The Japanese Novel of the Meiji Period and the Ideal of Individualism
Princeton University Press, 1979
Janet A. Walker
The Western ideal of individualism had a pervasive influence on the culture of the Meiji period in Japan (1868-1912), as well as on the development of the novel, a form imported from Europe. The author begins by examining the evolution of a literary concept of the inner self in Futabatei Shimei’s novel Ukigumo (The Floating Cloud, 1886-89), Kitamura Tōkoku’s essays on the inner life (early 1890s), and Tayama Katai’s work in the shishōsetsu (I-fiction) form, Futon (The Quilt, 1907). The second part of the book is devoted to Shimazaki Tōson (1872-1943), who, along with Natsume Sōseki, Mori Ōgai, and Nagai Kafū, brought Japanese fiction to its first stage of maturity in the beginning two decades of the twentieth century. This section analyzes Tōson’s evolution of a personal ideal of selfhood, treating in detail two of that author’s major novels: Hakai (The Broken Commandment, 1906) and Shinsei (The New Life, 1919).

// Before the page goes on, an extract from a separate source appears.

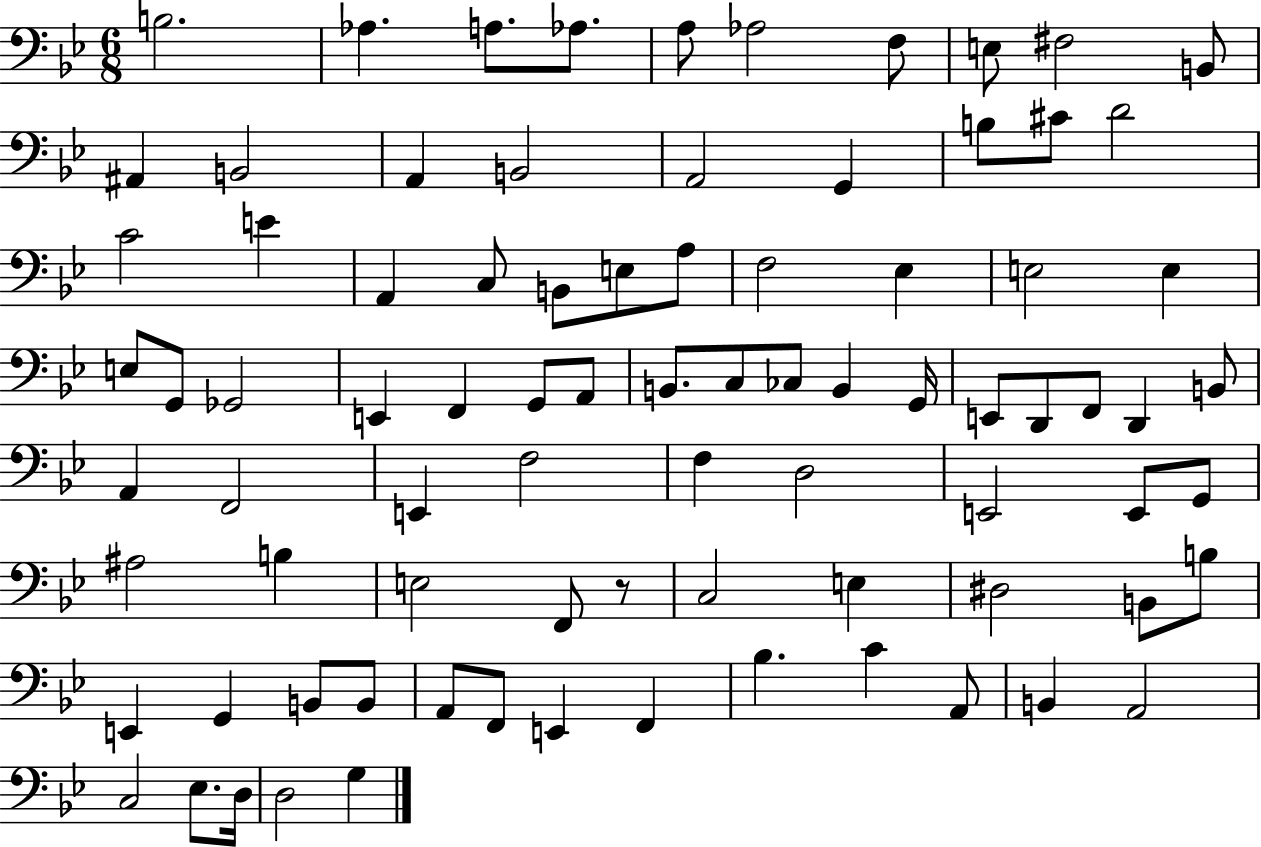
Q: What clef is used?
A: bass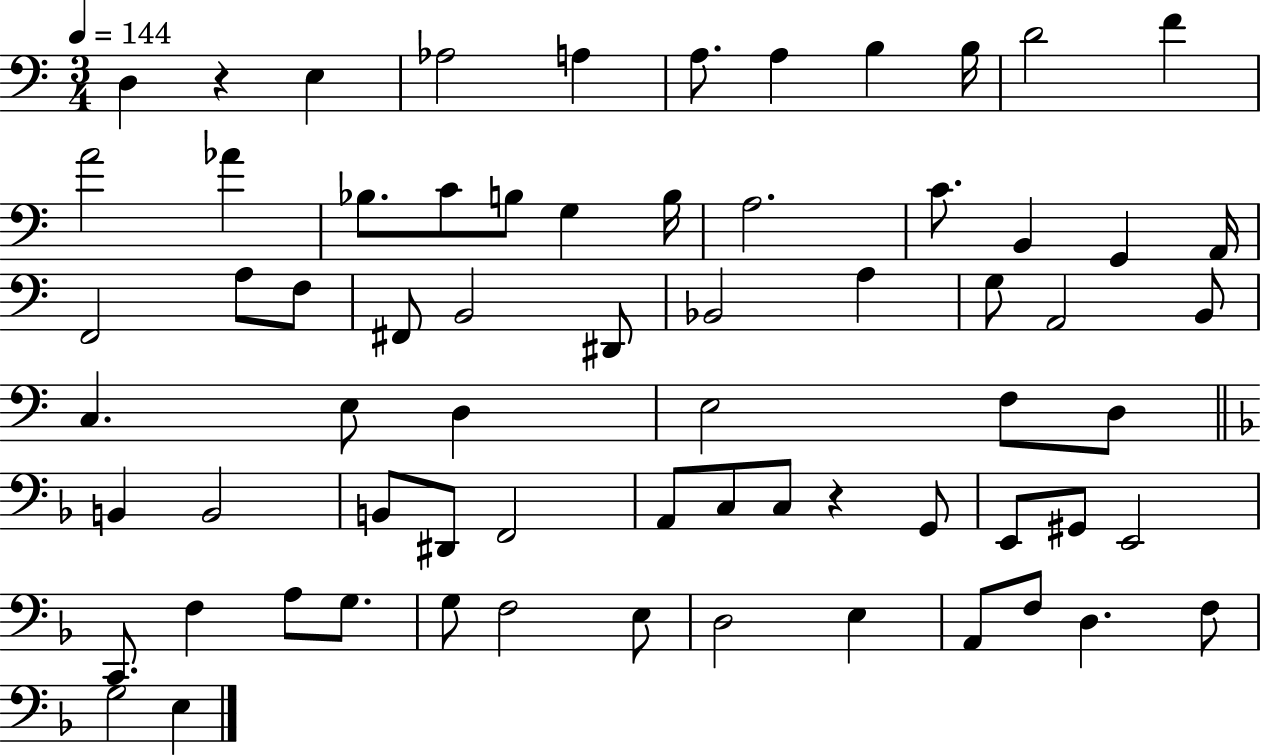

The book suggests that Meiji novels of the individual provided their readers with mirrors in which to confront their newly-discovered sense of individuality in all its joys and sorrows. It both explores the development of the Japanese novel centering on the individual as a unique form of the novel and places it in a comparative context with its European prototypes and analogues.